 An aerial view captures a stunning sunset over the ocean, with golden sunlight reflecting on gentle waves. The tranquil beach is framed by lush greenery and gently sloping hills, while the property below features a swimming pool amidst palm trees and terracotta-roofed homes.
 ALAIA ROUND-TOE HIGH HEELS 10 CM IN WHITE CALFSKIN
==
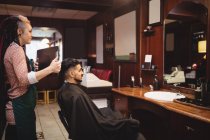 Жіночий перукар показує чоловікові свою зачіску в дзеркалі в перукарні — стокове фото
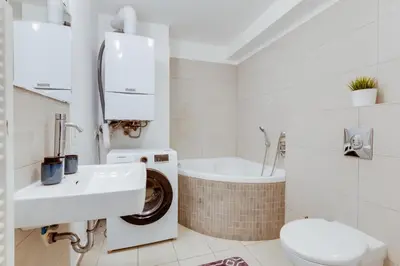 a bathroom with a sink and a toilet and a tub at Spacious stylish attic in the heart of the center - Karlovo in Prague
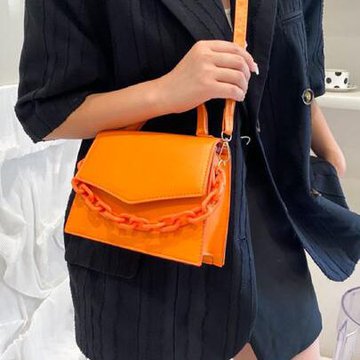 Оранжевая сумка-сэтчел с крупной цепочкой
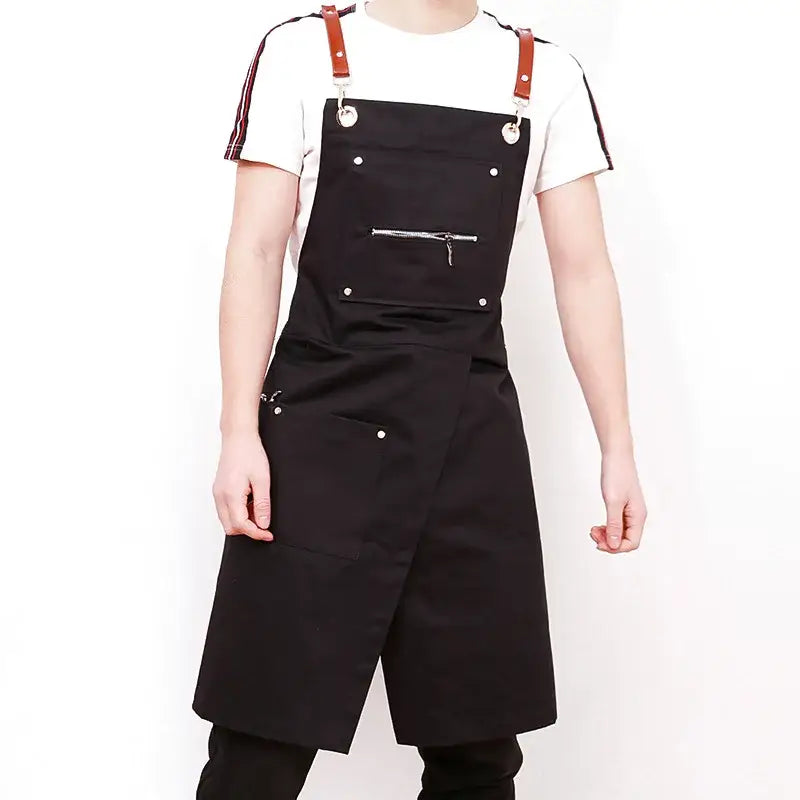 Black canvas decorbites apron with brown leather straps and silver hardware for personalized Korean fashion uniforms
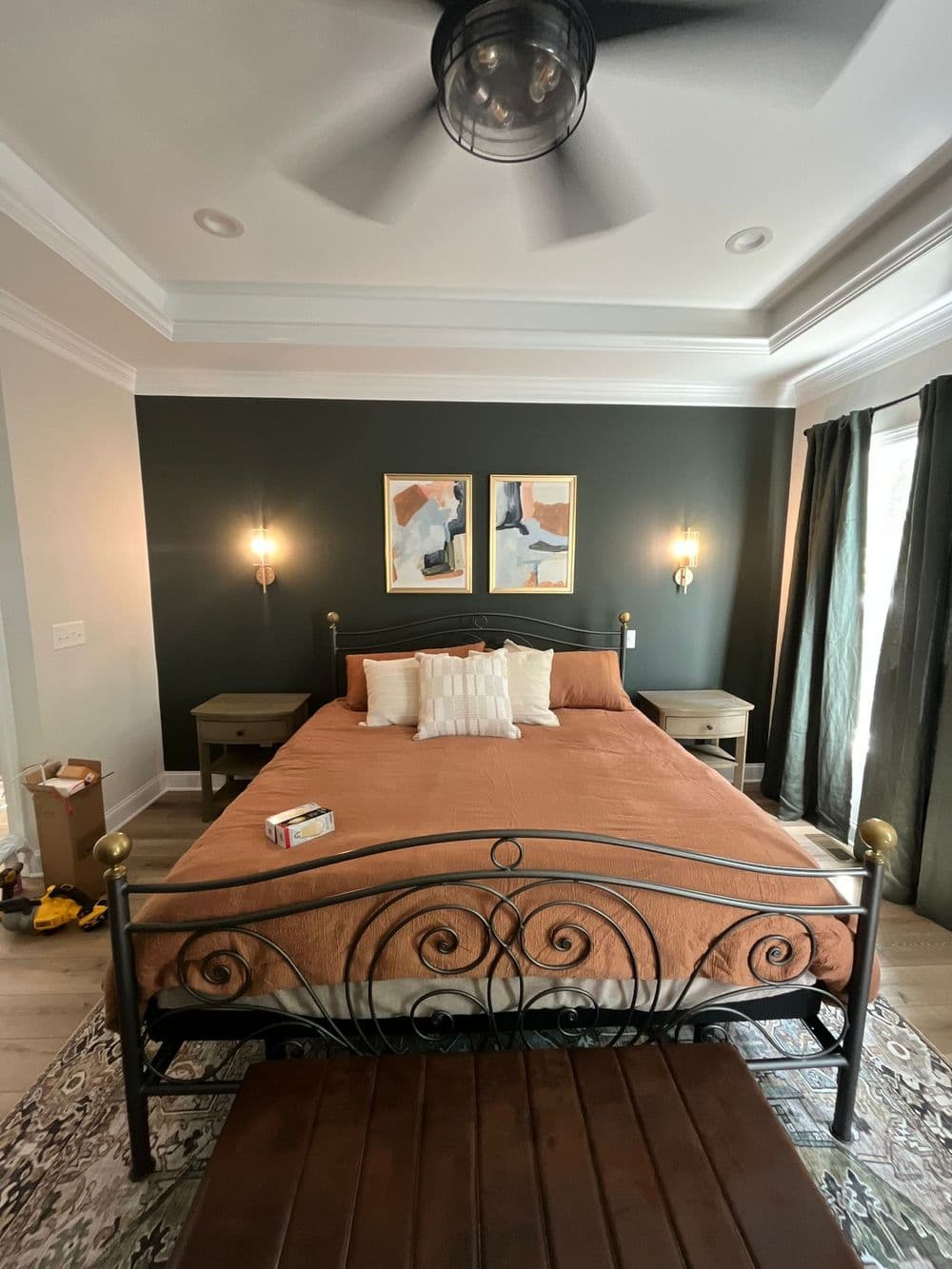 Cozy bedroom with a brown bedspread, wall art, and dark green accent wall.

▶ **Task to carry out**
Return exactly the part of the listing above that opens with the line containing "Оранжевая сумка-сэтчел с крупной цепочкой" and closes with the line containing "Cozy bedroom with". Pictures stay out.

▶ **Reply**
 Оранжевая сумка-сэтчел с крупной цепочкой
 Black canvas decorbites apron with brown leather straps and silver hardware for personalized Korean fashion uniforms
 Cozy bedroom with a brown bedspread, wall art, and dark green accent wall.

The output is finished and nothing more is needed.